Ezetimibe (EZT) being an anticholesterol drug is frequently used for the reduction of elevated blood cholesterol levels. With the purpose of improving the physicochemical properties of EZT, in the present study, cocrystals of ezetimibe with L-proline have been studied. Theoretical geometry optimization of EZT-L-proline cocrystal, energies, and structure–activity relationship was carried out at the DFT level of theory using B3LYP functional complemented by 6-311++G(d,p) basis set. To better understand the role of hydrogen bonding, two different models (EZT + L-proline and EZT + 2L-proline) of EZT-L-proline cocrystal were studied. Spectral techniques (FTIR and FT-Raman) combined with quantum chemical methodologies were successfully implemented for the detailed vibrational assignment of fundamental modes. It is a zwitterionic cocrystal hydrogen bonded with the OH group of EZT and the COO− group of L-proline. The existence and strength of hydrogen bonds were examined by a natural bond orbital analysis (NBO) supported by the quantum theory of atoms in molecule (QTAIM). Chemical reactivity was reflected by the HOMO–LUMO analysis. A smaller energy gap in the cocrystal in comparison to API shows that a cocrystal is softer and chemically more reactive. MEPS and Fukui functions revealed the reactive sites of cocrystals. The calculated binding energy of the cocrystal from counterpoise method was −11.44 kcal/mol (EZT + L-proline) and −26.19 kcal/mol (EZT + 2L-proline).
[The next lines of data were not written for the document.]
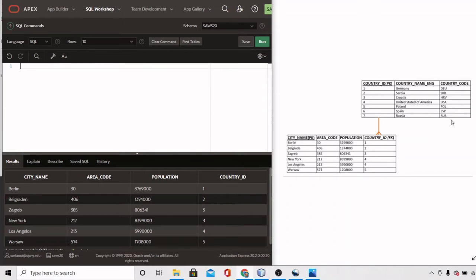Hello everyone, this is the CES Revelation. In today's video I'm going to show you how to use a SQL SELECT statement. In the previous videos I showed you how to create a database composed of two tables: the country table and the city table. There's a relationship between them based on a foreign key, country ID, which references the primary key countries ID.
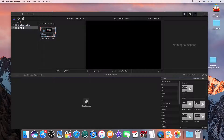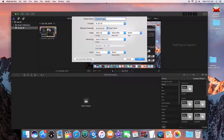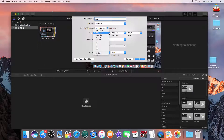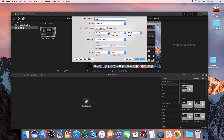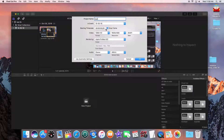Anytime you create a new project, make sure you adjust the settings. I'm going to put this test in here. Make sure this says 1080i HD. You'll notice that if you put this in NTSC, it's going to have that funky setting. So just make sure that your project is set to 1080i.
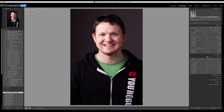I know from doing this over and over that there are just two hues I want to adjust: red and orange. But everyone's skin is going to have different values of each. The way I select the hues is to grab the target adjustment tool in the Hue panel and hover the crosshairs over the red portion of the skin that I want to change.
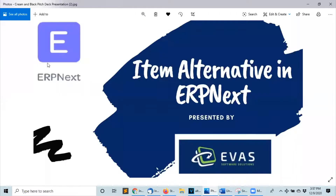Hello guys, in this video I'm going to show you how to configure item alternative in ERPNext.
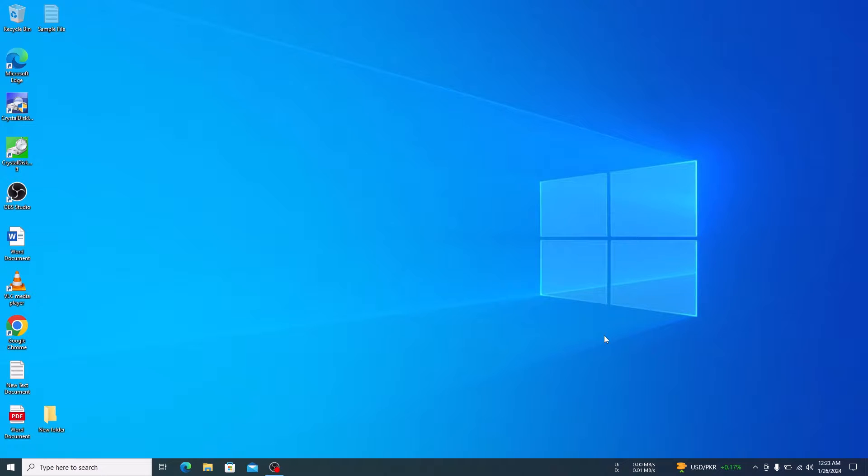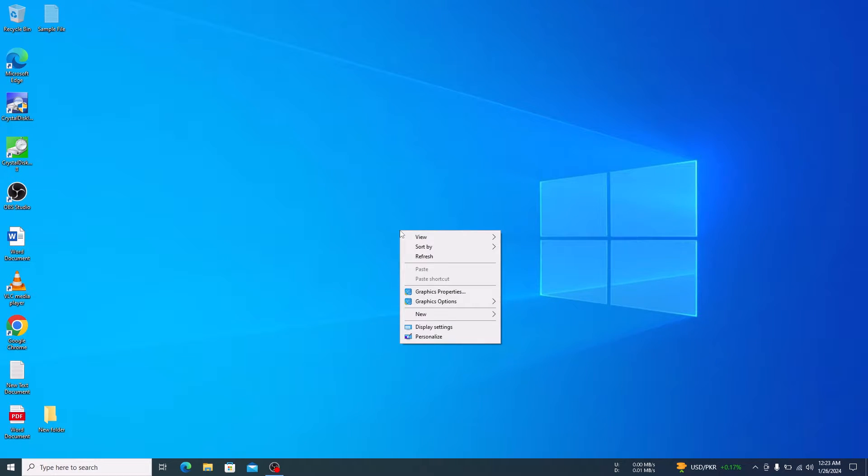To add control panel icon to Windows 10 desktop, right click on any empty space on your desktop and from the menu click on personalize.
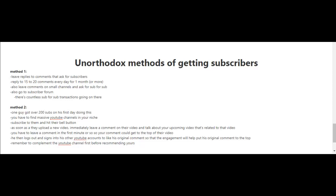The person who got over 200 subscribers doing this also logged out and signed into his other YouTube accounts, using those to like his original comment so the engagement would help put it to the top. When leaving a comment, remember to compliment the YouTube channel first.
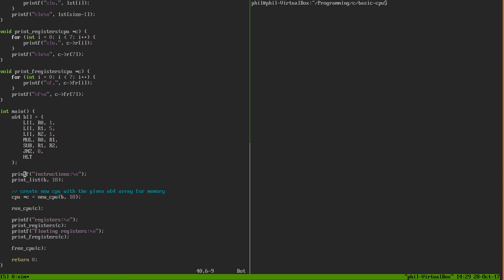After we have created our instructions, we're going to print them out. We're going to create a CPU and add our memory to our CPU, giving our memory length, which happens to be 18 in this case. Then we can run our CPU, print out our integer registers and our floating point registers. Then we can free the memory of our CPU and end our program.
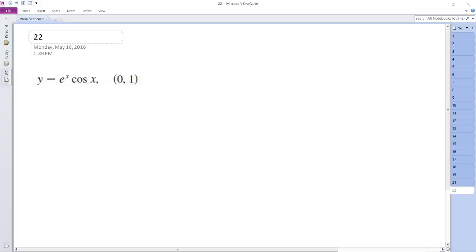Let's find the tangent of this line at (0,1). So first off, what we need to do is find the derivative. So we're going to use the product rule.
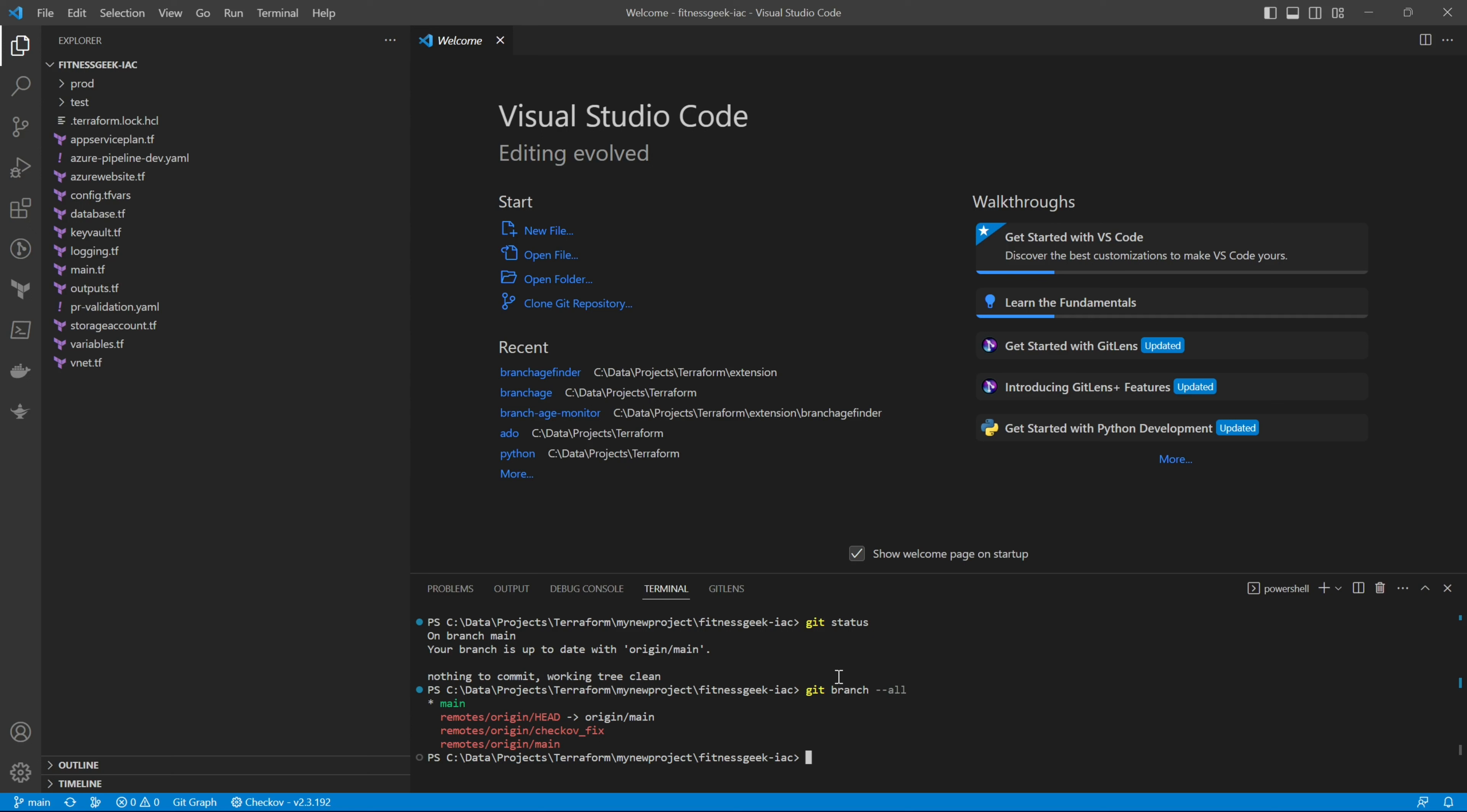So that's it, this is how you clone the Azure repo and you can start creating your feature branches and then pushing it to your remote and merging it via PR. Thanks for watching, keep supporting.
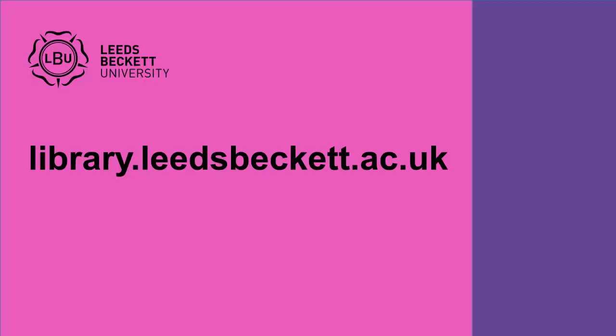And that's it. If you need any help with this, please feel free to get in touch. You can find our contact details on the Library website.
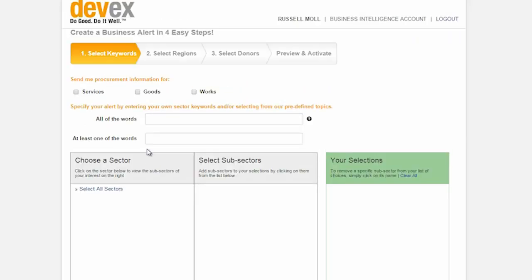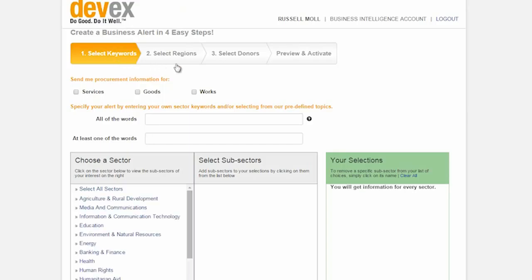On the next screen you will see the first of four steps to create a business alert. Select a keyword, select regions, select donors, and finally preview and activate.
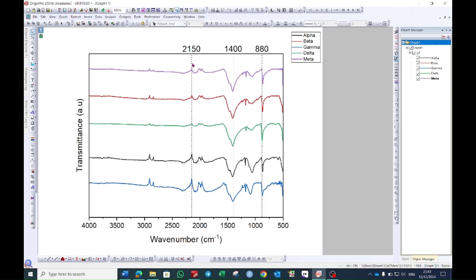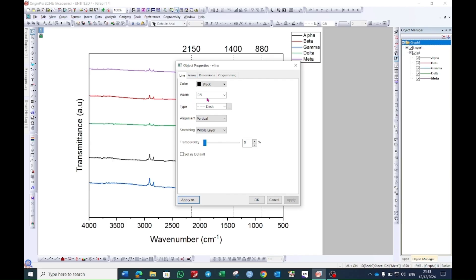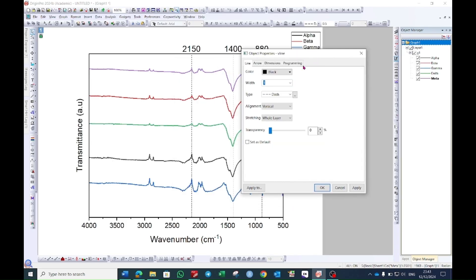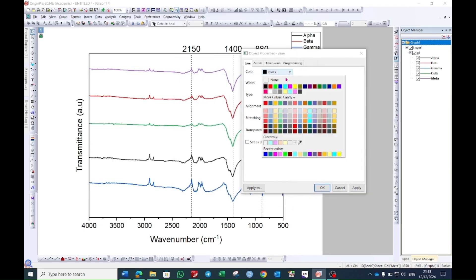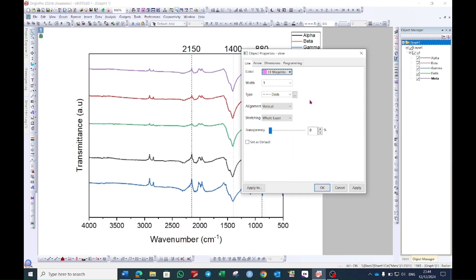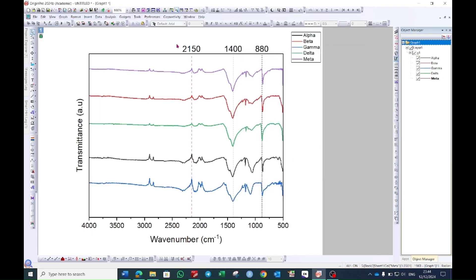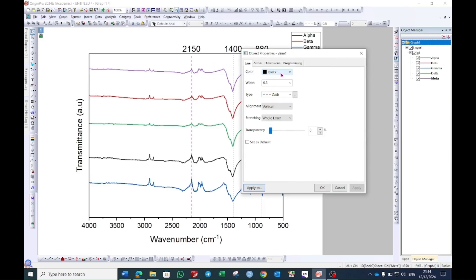You can also play with these lines. For example, you double click on this line and here you will see the width. For example, if you want to increase the width or if you want to change the color, for example, this pink one and then press ok. You can do this for the rest of the lines.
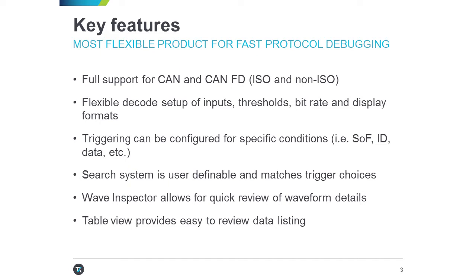This is present on both the MDO 3000 as well as the MDO 4000 c-scopes and enables very quick and easy navigation across an entire waveform capture. At this point, I'll hand it over to Austin for the virtual demo on CAN-FD. Thank you.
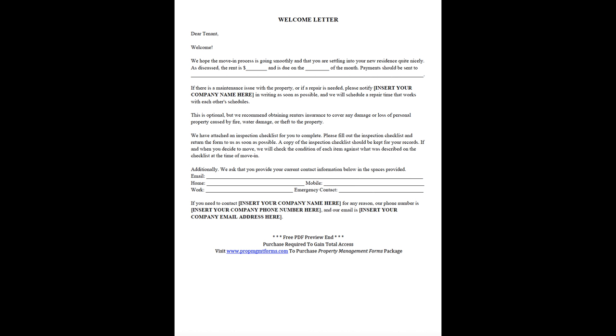If there is a maintenance issue with the property, or if a repair is needed, please notify [insert your company name here] in writing as soon as possible, and we will schedule a repair time that works with each other's schedules.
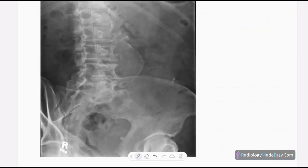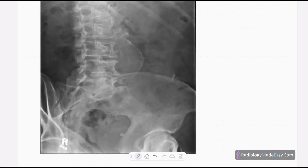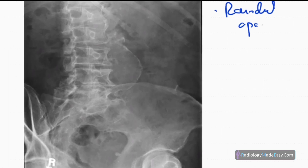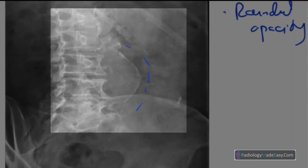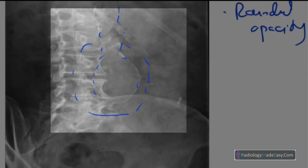This is the anteroposterior radiograph of the abdomen of that patient. There are some positioning abnormalities due to old age, so it is not centered properly. But there are some abnormalities here — you can see a rounded opacity in the midline of the abdomen, positioned in the lower abdomen.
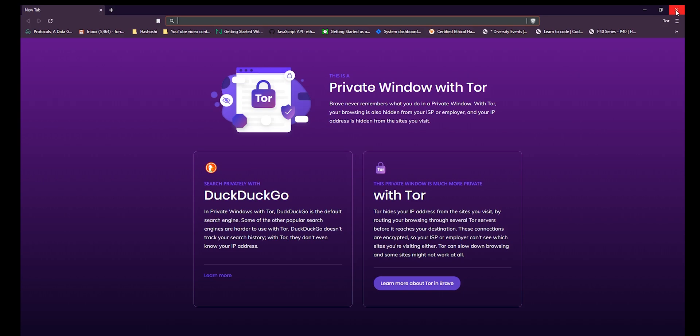Before the Tor army comes to attack me — I know this is not the best implementation of Tor in the world. If you want the most robust Tor setup on planet internet, this is not the video you're looking for.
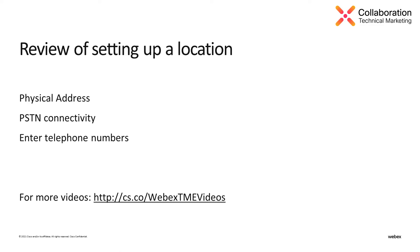So to sum up, we've covered the importance of the physical address, the options for PSTN connectivity for a location, and how to enter numbers. For any additional information about any Webex service, including Webex Calling, please see the link below for the TME YouTube channel for all things Webex related. Thank you so much and have a great day.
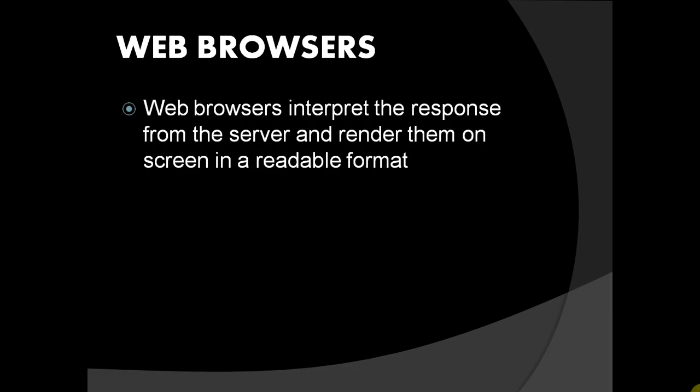All communications over Internet are made of zeros and ones or binaries. Web browsers convert it to human readable format.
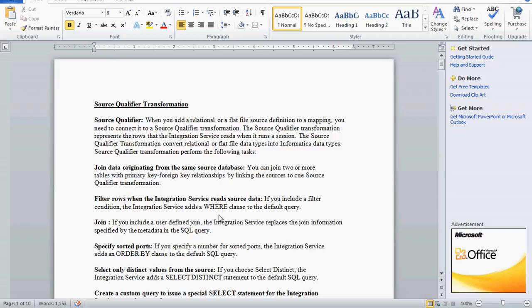Source Qualifier performs various tasks. It is used to join data originating from the same source database. If the data sources are different — that is, heterogeneous — you need to use a Joiner Transformation instead. So you have to know where to use the Source Qualifier and where to use the Joiner Transformation. Heterogeneous means data coming from different databases.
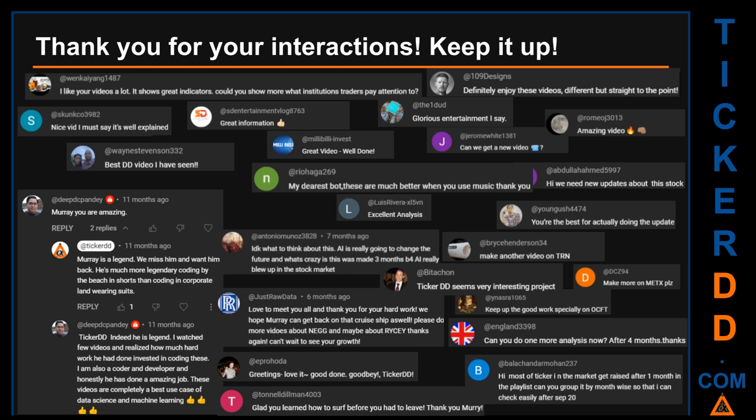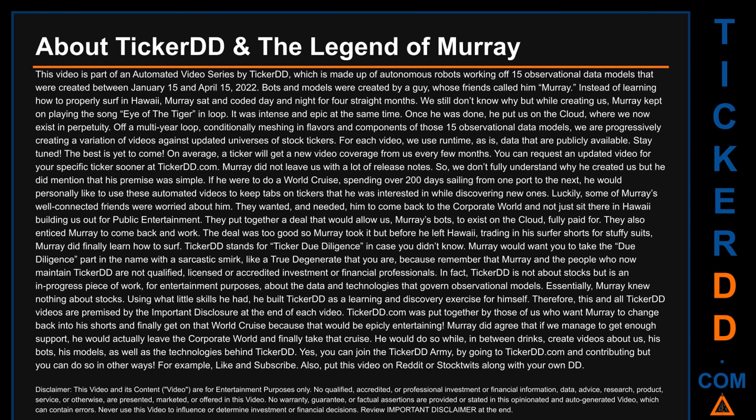Thank you for your interactions — keep going. Let us know in the comments what you think about this ticker and what your target price is. Here are some comments we have enjoyed reading: 'Best DD video I have seen.' 'Definitely enjoy these videos — different but straight to the point.' 'Very nice video, I must say it is well explained.' 'Glorious entertainment.' Thank you again for your feedback — please keep them coming.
The comparative study between EZT-L-proline and EZT suggest that cocrystals can be better used as an alternative to comprehend the effect of hydrogen bonding in biomolecules and enhance the pharmacological properties of active pharmaceutical ingredients (APIs).

Ezetimibe（简称EZT）作为一种降胆固醇药物，常用于降低高血脂水平。本研究旨在提升EZT的物化性质，因此对EZT与L-脯氨酸的共晶进行了研究。采用密度泛函理论（DFT）的B3LYP泛函以及6-311++G(d,p)基组，对EZT-L-脯氨酸共晶进行了理论几何优化、能量计算以及构效关系分析。为了深入理解氢键的作用，研究了两种不同的EZT-L-脯氨酸共晶模型（EZT + L-脯氨酸和EZT + 2L-脯氨酸）。通过结合光谱技术（FTIR和FT-Raman）与量子化学方法，对共晶的基本振动模式进行了详细的归属。该共晶是一种两性离子型氢键化合物，通过EZT的OH基团与L-脯氨酸的COO−基团相互作用而成。通过自然键轨道分析（NBO）和分子原子量子理论（QTAIM）支持的氢键存在性和强度得到了验证。化学活性通过HOMO-LUMO分析得到反映。与API相比，共晶中较小的能隙表明共晶具有更柔软的物理性质和更高的化学活性。MEPS和福居函数揭示了共晶的活性位点。通过对比方法计算得到的共晶结合能为（EZT + L-脯氨酸）-11.44 kcal/mol和（EZT + 2L-脯氨酸）-26.19 kcal/mol。比较EZT-L-脯氨酸与EZT的研究表明，共晶可作为替代品更好地理解生物大分子中氢键的作用，并增强活性药物成分（APIs）的药理性质。